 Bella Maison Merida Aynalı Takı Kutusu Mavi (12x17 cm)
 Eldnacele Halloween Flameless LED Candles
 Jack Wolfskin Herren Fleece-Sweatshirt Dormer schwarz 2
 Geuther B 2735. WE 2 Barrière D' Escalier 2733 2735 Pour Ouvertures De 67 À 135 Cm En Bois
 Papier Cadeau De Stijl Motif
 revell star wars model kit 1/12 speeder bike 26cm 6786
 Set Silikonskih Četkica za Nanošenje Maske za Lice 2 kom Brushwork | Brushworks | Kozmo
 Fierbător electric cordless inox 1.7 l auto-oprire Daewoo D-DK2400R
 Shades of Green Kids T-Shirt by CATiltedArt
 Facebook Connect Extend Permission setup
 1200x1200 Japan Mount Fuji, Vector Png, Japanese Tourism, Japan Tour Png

...

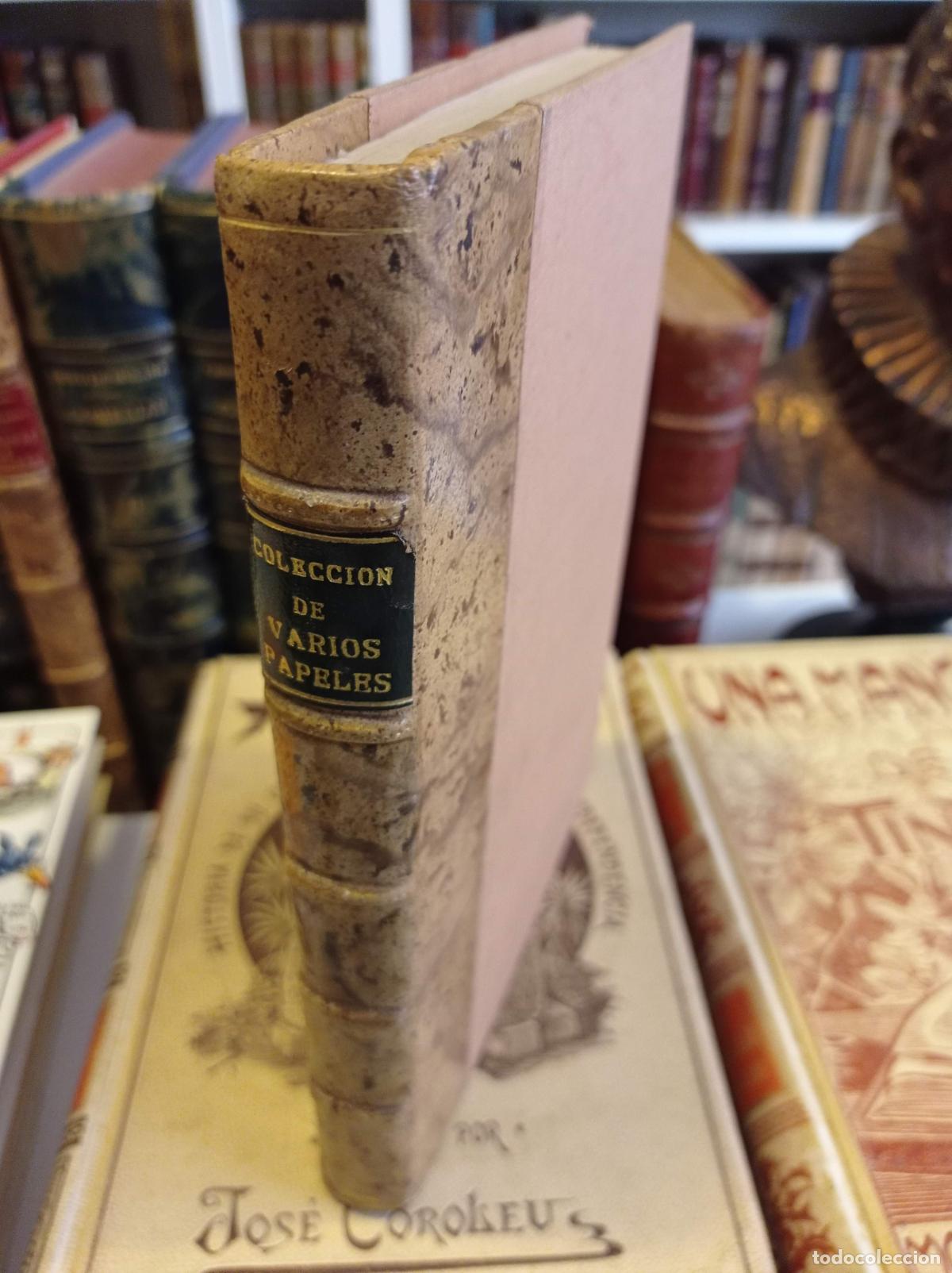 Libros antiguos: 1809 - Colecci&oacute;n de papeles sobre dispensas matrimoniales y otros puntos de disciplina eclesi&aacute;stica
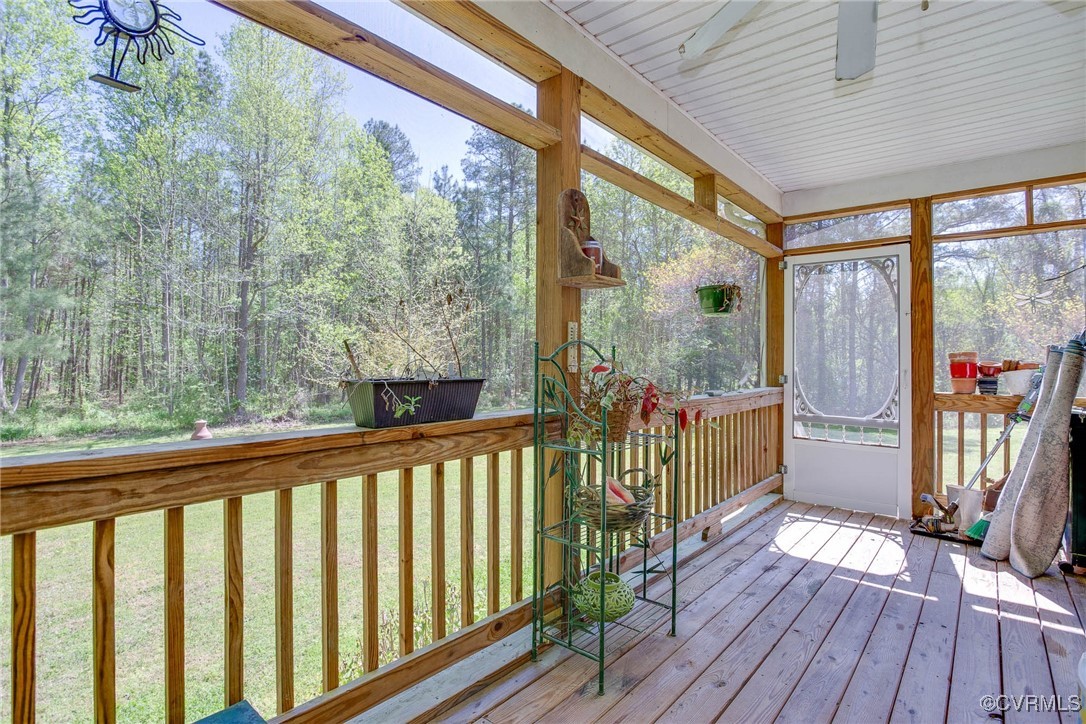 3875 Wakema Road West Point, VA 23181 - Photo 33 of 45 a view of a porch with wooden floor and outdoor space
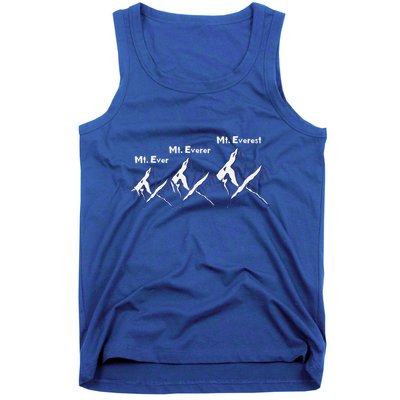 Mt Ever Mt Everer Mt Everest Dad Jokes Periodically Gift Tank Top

---

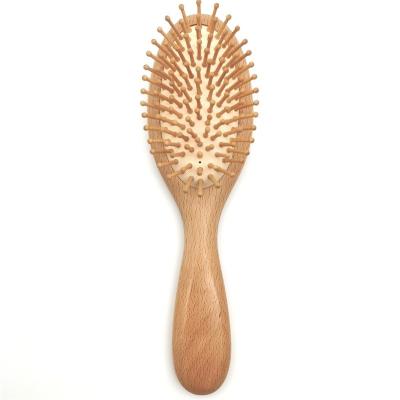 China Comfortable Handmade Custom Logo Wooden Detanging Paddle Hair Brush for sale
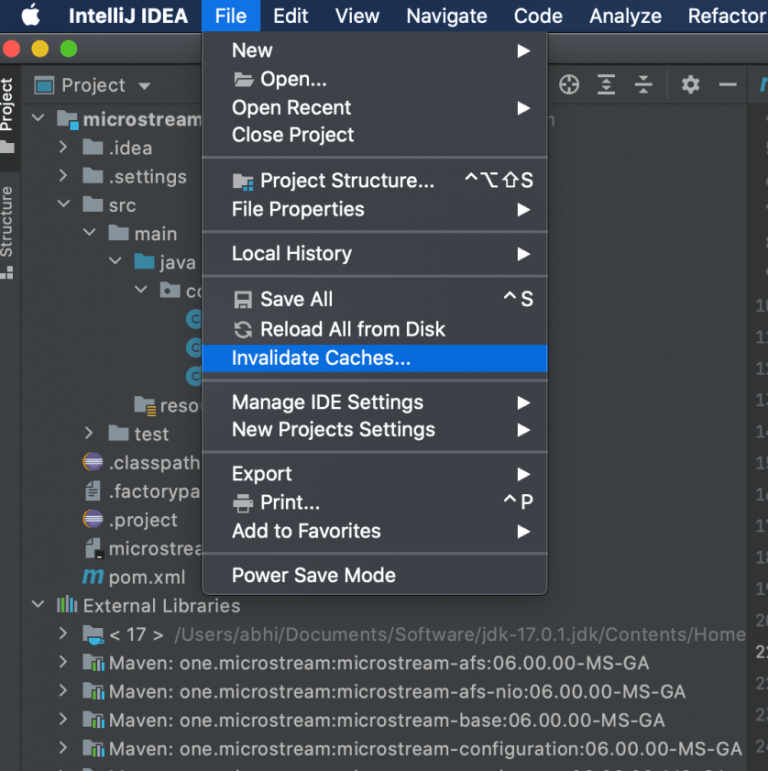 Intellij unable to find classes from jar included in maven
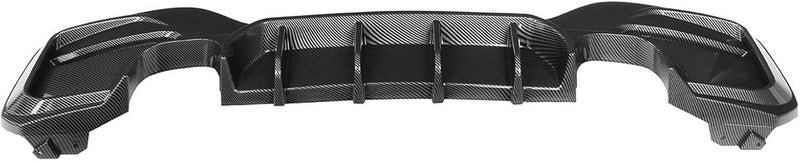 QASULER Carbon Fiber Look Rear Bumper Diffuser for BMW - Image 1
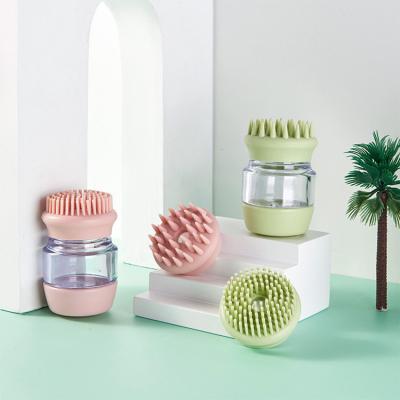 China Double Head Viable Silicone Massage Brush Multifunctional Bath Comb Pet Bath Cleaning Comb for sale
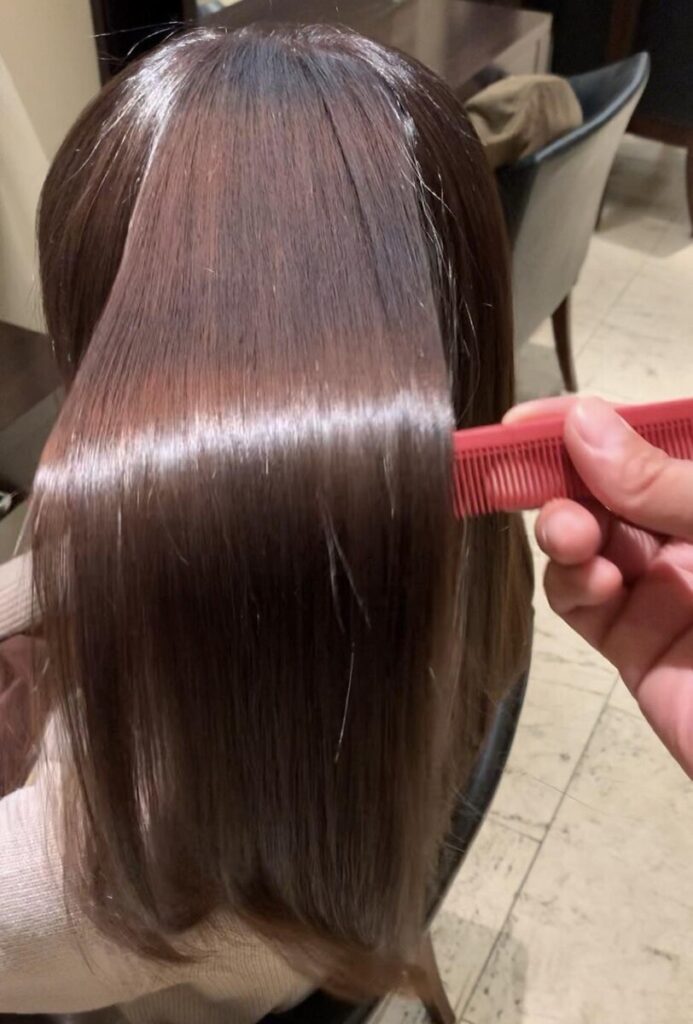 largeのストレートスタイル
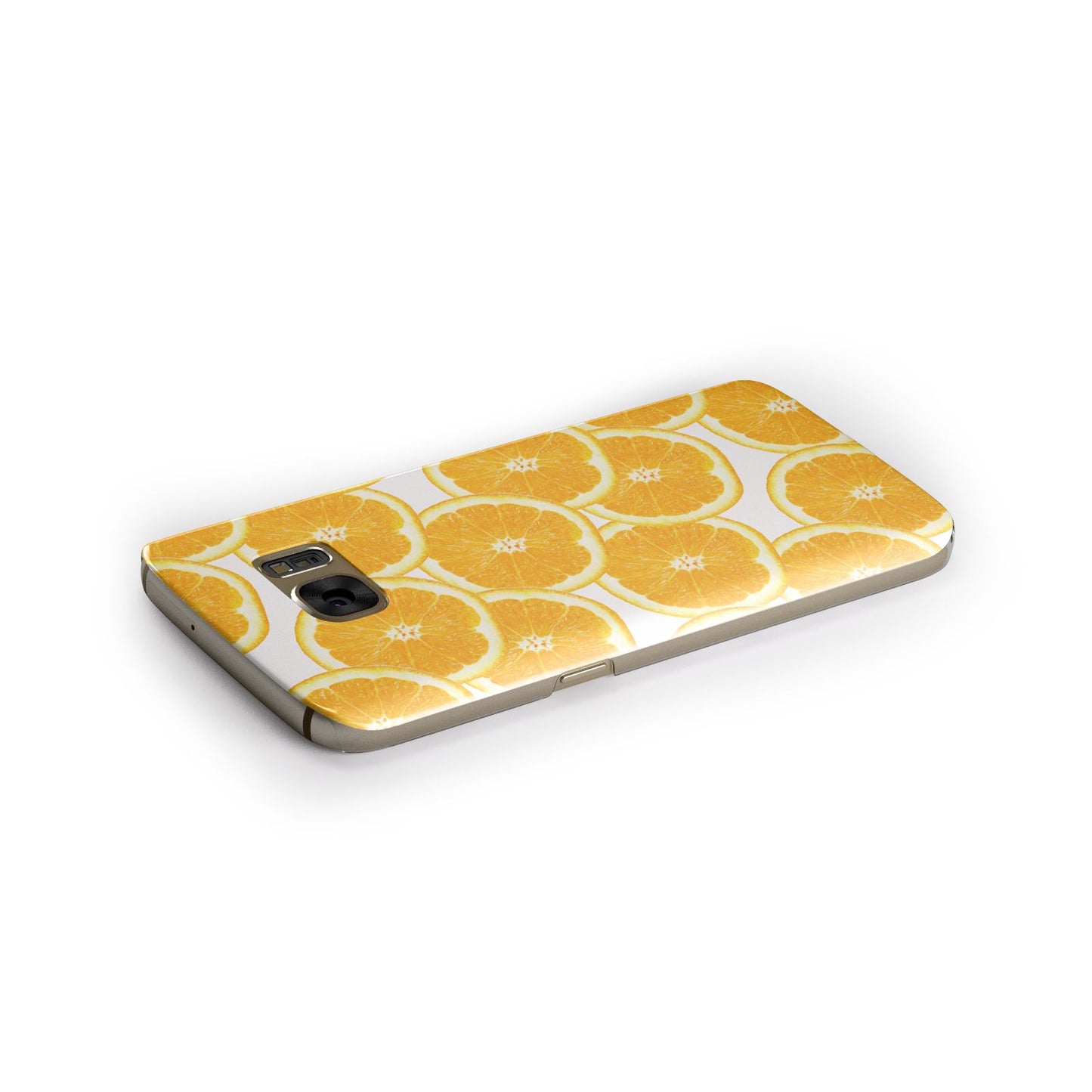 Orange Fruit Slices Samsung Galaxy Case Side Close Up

▶ _Task prompt_
In the records above, find the line with "largeのストレートスタイル". Print exactly from there through the line with "Orange Fruit Slices", minus the pictures.

▶ _Final answer_
 largeのストレートスタイル
 Orange Fruit Slices Samsung Galaxy Case Side Close Up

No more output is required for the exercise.